UBER yasaklandı ama dijital dünyanın sınır ötesi rekabetinde bir tek taksiler yok. İşte yükseköğrenim. Yurtdışında yüksek lisans yapılan diye sosyal medyada pazarlama yapan Kanada üniversiteleri gibi örnekler. YÖK vakıf üniversitelerine her geçen gün kontenjan kriteri getirip, kalite başta olmak üzere çıtayı yükseltmek adına denetleme yaparken, denkliği olmayan tonla yabancı üniversite sosyal medyada sıfır vergi ve kontrolle Türkiye’nin beyin gücüne ve göçüne oynuyor. UBER’e yasak varsa niye bu yabancı üniversitelere yasak yok, hele ki son askerlik yasasından sonra öğrenci kayıtlarında büyük düşüşler yaşanırken ve vakıf üniversiteleri çeşitli nedenlerle mezuna kalan ya da kayıt yapmayan öğrenciler nedeni ile öğrenci bulmakta zorlanırken. Balkanlardaki üniversiteleri söylemedik bile.

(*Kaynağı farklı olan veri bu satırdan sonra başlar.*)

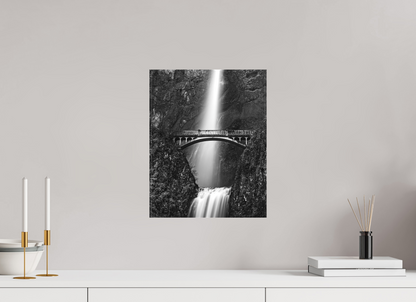12 x 15.3″, Canvas Prints Oregon's Multnomah Falls Black/White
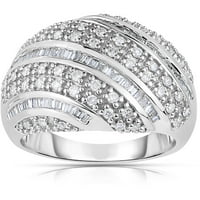 Carat T.W. Diamond 14KT fehérarany divatgyűrű Hi i2i minőségű gyémántokkal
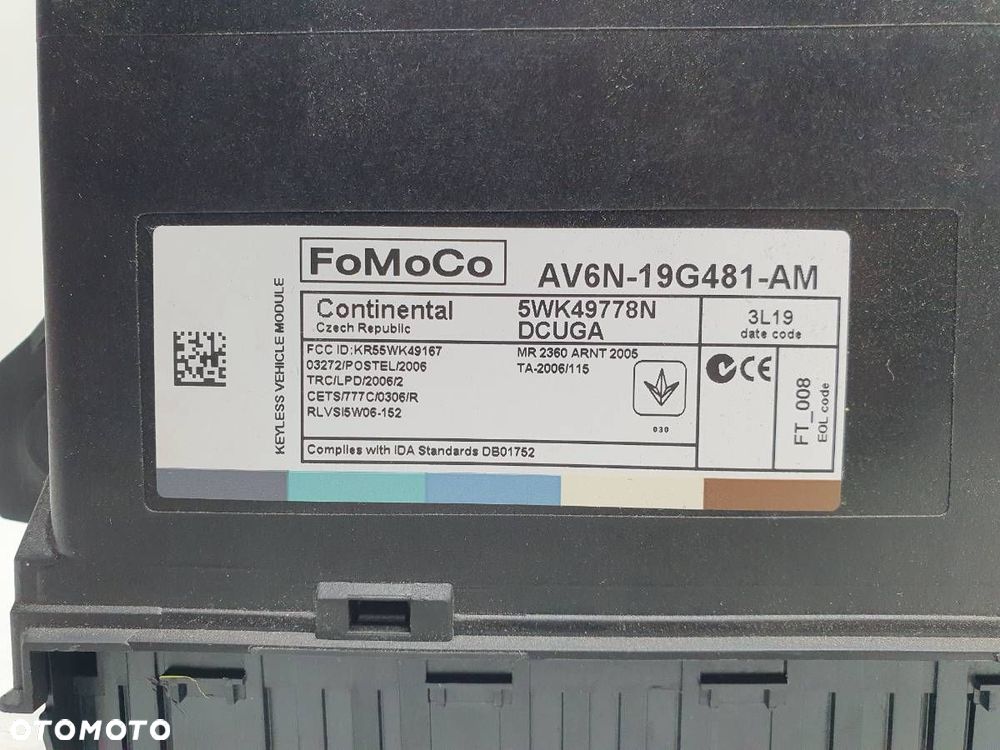 MODUŁ STEROWNIK KOMFORTU FORD GRAND C-MAX MK2 AV6N-19G481-AM - 2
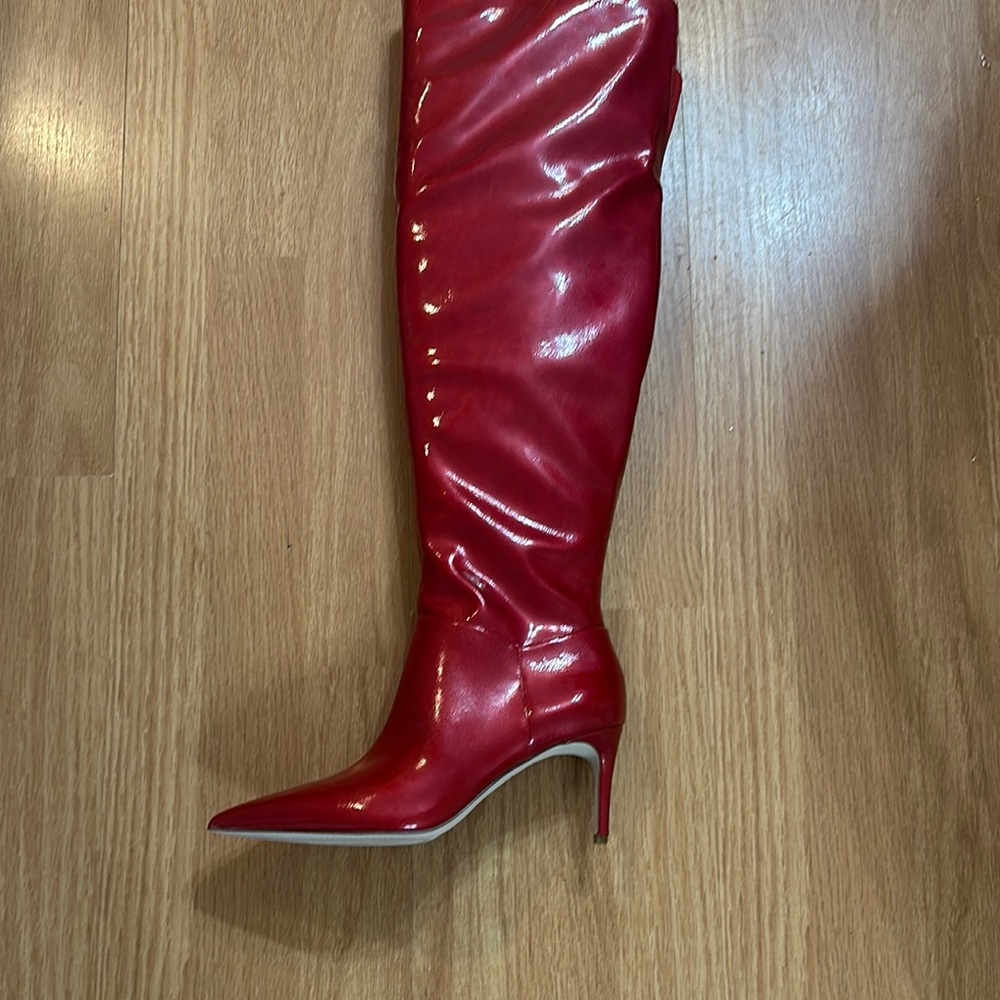 Jessica Simpson Red Heeled Boots with Stiletto Heel and Glossy Finish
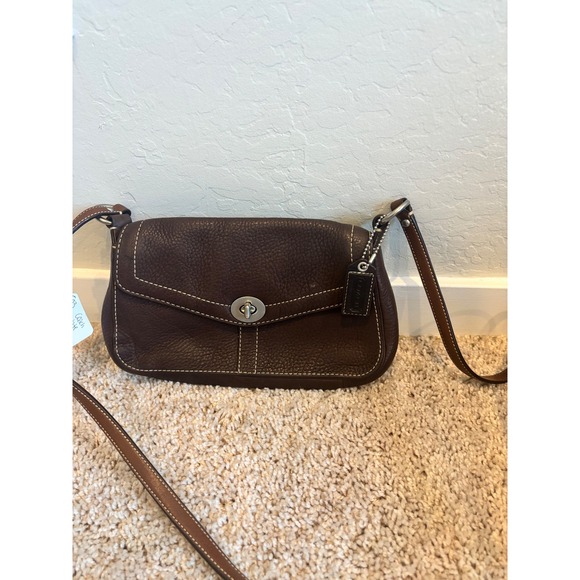Coach Handbags - Coach Legacy Crossbody Brown Pebbled Leather Turnlock Flap Bag 10888 Vintage Y2K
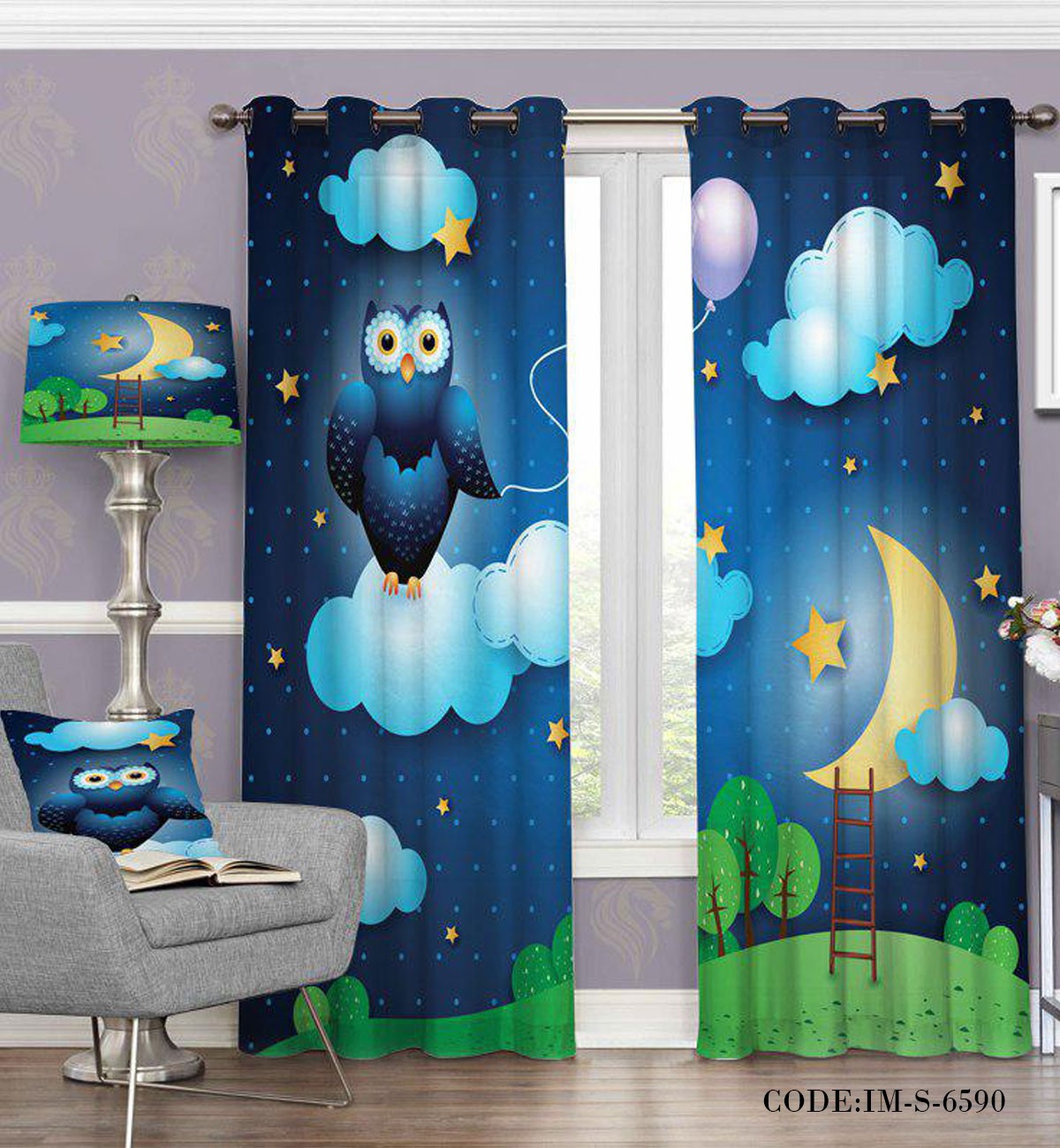 پرده اتاق کودک طرح جغد مدل 6590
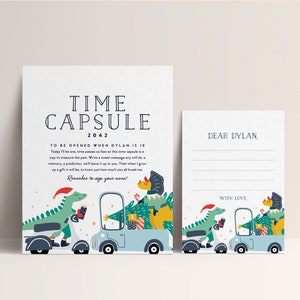 Dinosaur Christmas Birthday Time Capsule, Oh what Fun, Dinosaurs and Cars, Editable Template,  INSTANT DOWNLOAD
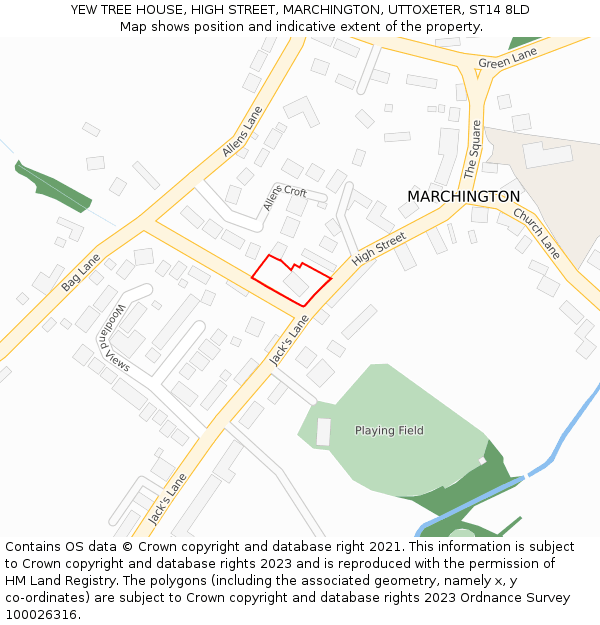 YEW TREE HOUSE, HIGH STREET, MARCHINGTON, UTTOXETER, ST14 8LD: Location map and indicative extent of plot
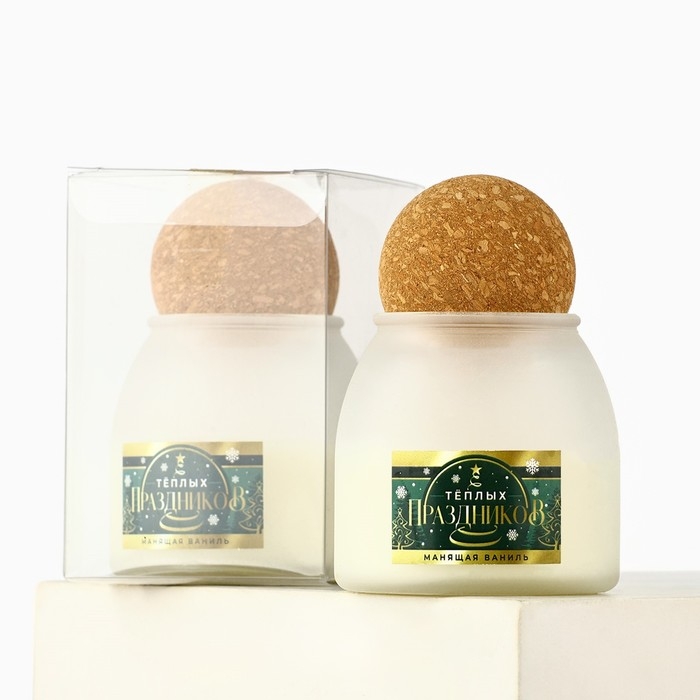 Свеча новогодняя, аромат манящая ваниль , 9 х 6,5 см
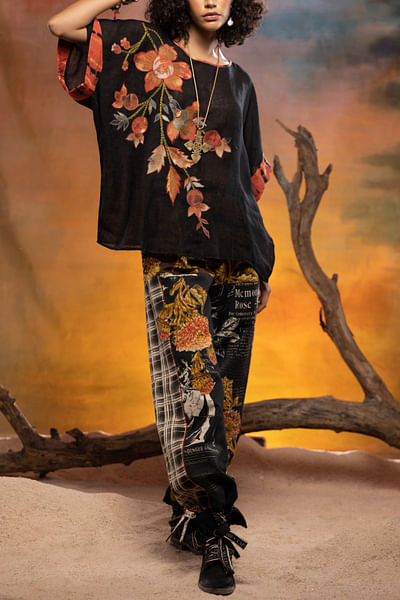Black floral patchwork embroidery cargo pants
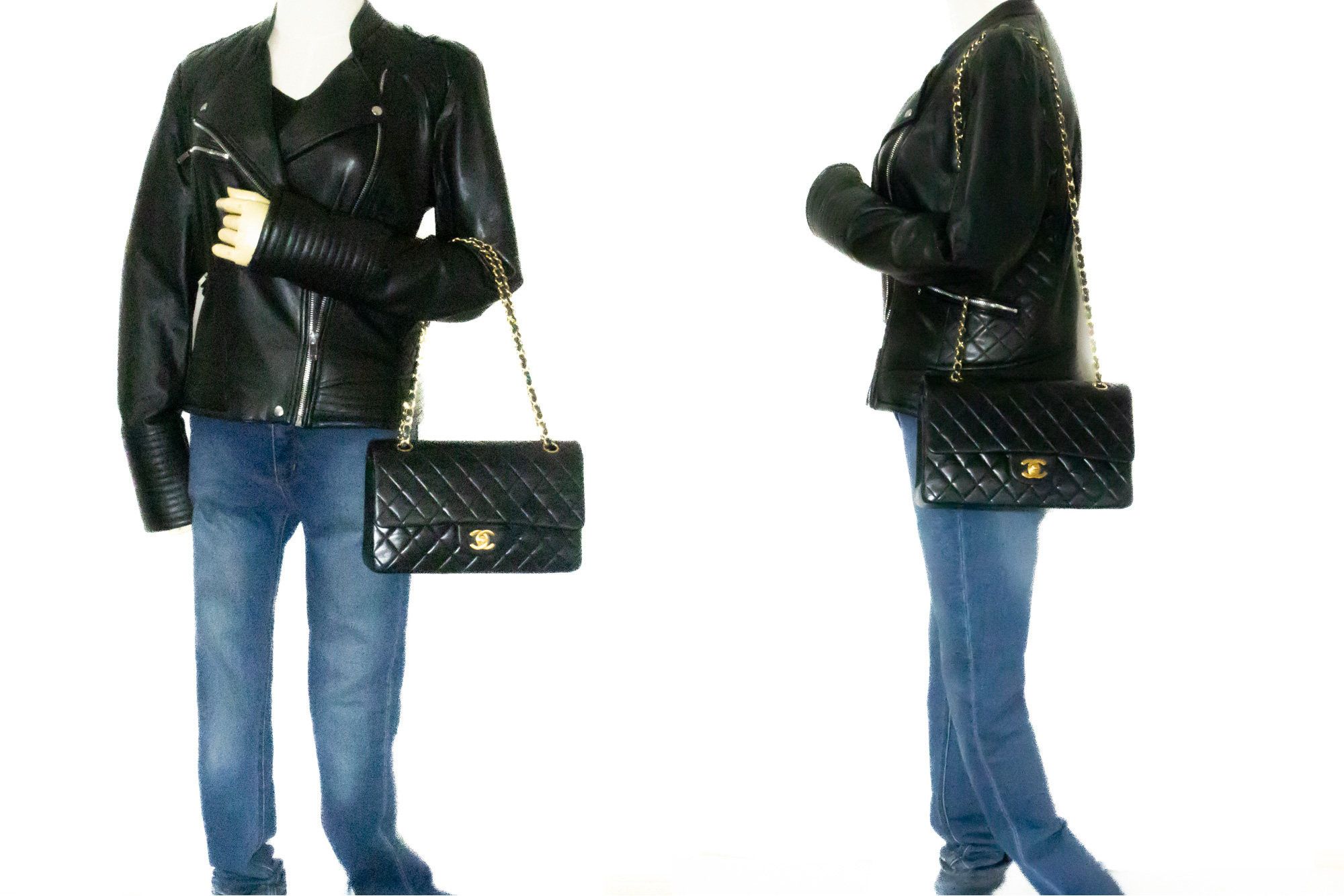 Chanel Double Flap Black Leather Shoulder Bag (Pre-Owned) Size ONE SIZE - 7 Thumbnail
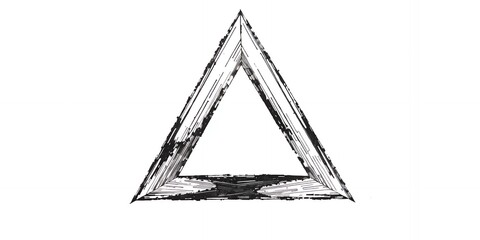 Poster - A sketch of a triangle with thick dark lines creating a three dimensional effect on a white background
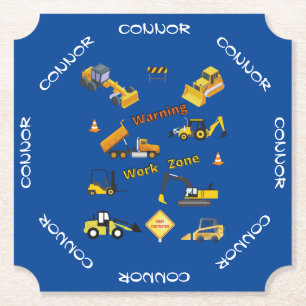 Construction Warning Work Zone Personalised Paper Coaster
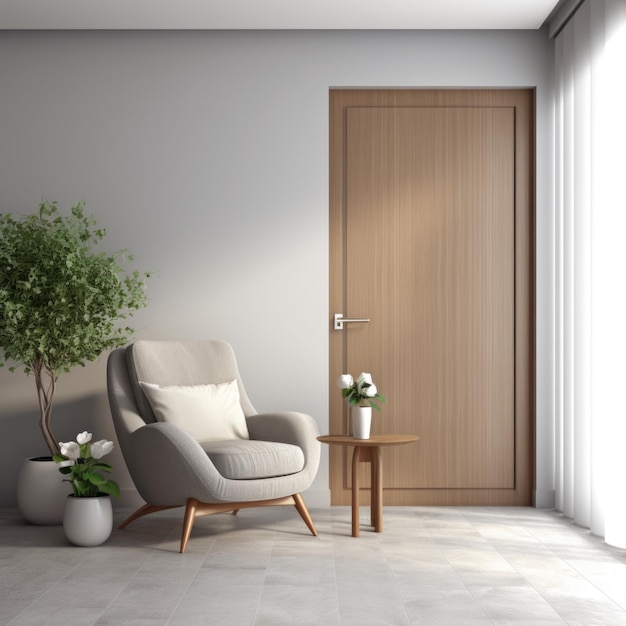 Modern living room interior with door and armchair 3d rendering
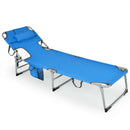 Folding Beach Lounge Chair with Pillow for Outdoor-Blue by DirectDeals
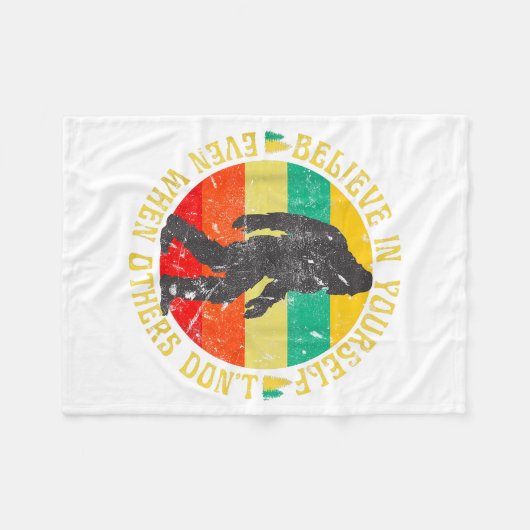 Couverture Polaire Believe In Yourself Sasquatch Funny Motivational B (Devant (Horizontal))
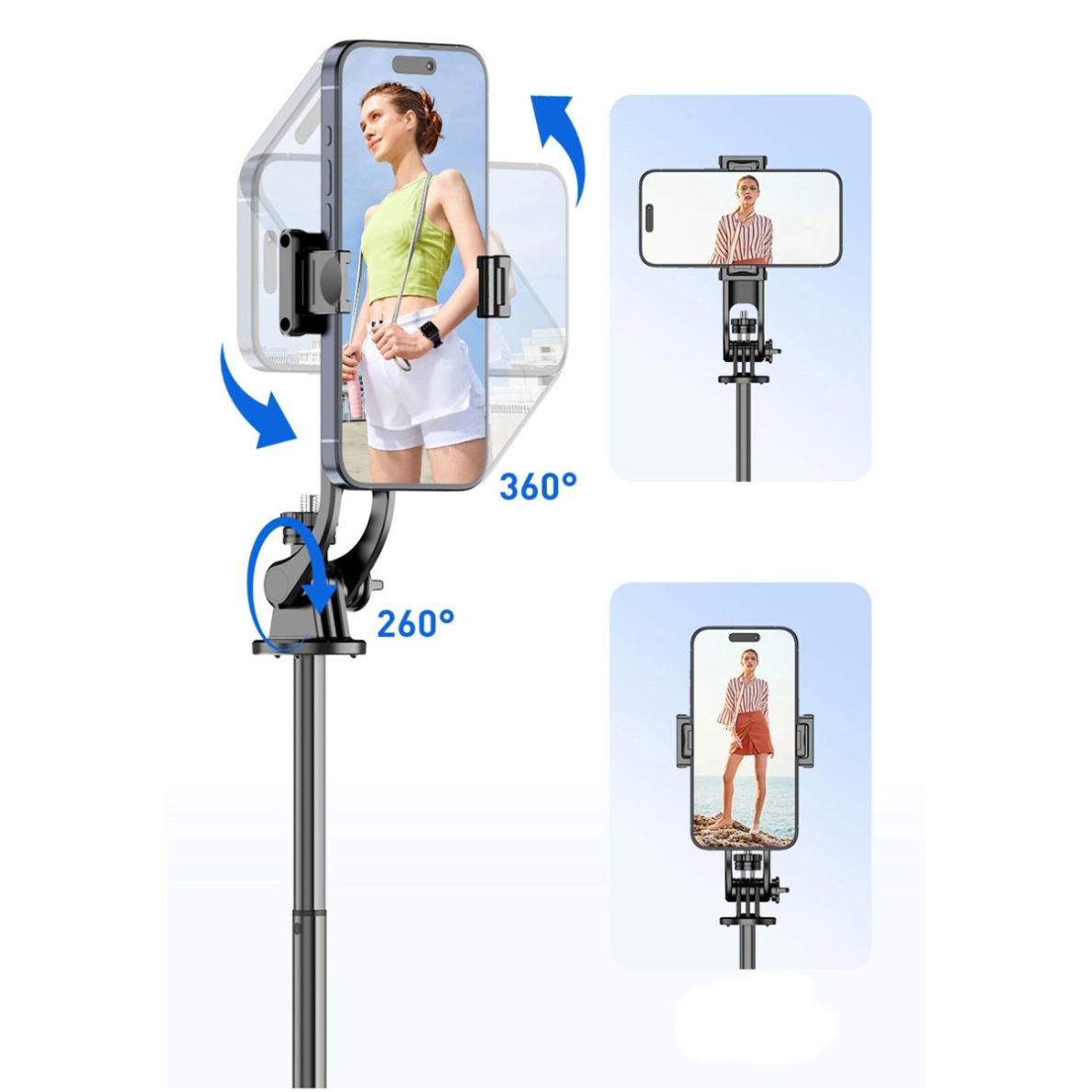 WC1Y2S asmenukių trikojis 1.3 m iš aliuminio lydinio su telefono laikikliu – juodas 15 WC1Y2S asmenukių trikojis 1.3 m iš aliuminio lydinio su telefono laikikliu – juodas 15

Eğitimde rastlanılan duruma benzer konu sanal bahis siteleri ve Foreks firmaları için de geçerli. Vergi kaybı, küçük yatırımcının korunması, Masak konuları sadece yurtiçi için geçerli başlıklar değil ki. Sanal bahis siteleri için finansal okuryazarlığı olmayan, geliri düşük vatandaşların hesap açılışları ile zora sokulması da cabası. Foreks işlemlerde SPK lisansı ve kontrolleri sadece yurtiçi için geçerli değil.

Ve borsa yatırımcılarını hedef alan Twitter, YouTube hesapları, WhatsApp grupları. Ücretli üyelik ile oluşturulan gruplarda yatırım tavsiyeleri, yorumlar, üstat diye tanımladıkları kişilerin yorumları sosyal medyada havada uçuşuyor. Dolar 12 TL olacak diye uçanlar mı istersiniz, şu hissede yabancı üçlü tepe yapacakmış diye sallayanlar mı istersiniz. Ne olduğu belli olmayan bir sürü üstat locası oluşmuş.

Dolandırıcılıkta ise yöntemler bitmiyor. Son modaysa TRT payınız iade edilecek, kredi kartı bilgilerinizi şu siteye girin türünden gelen fors içeren SMS mesajları.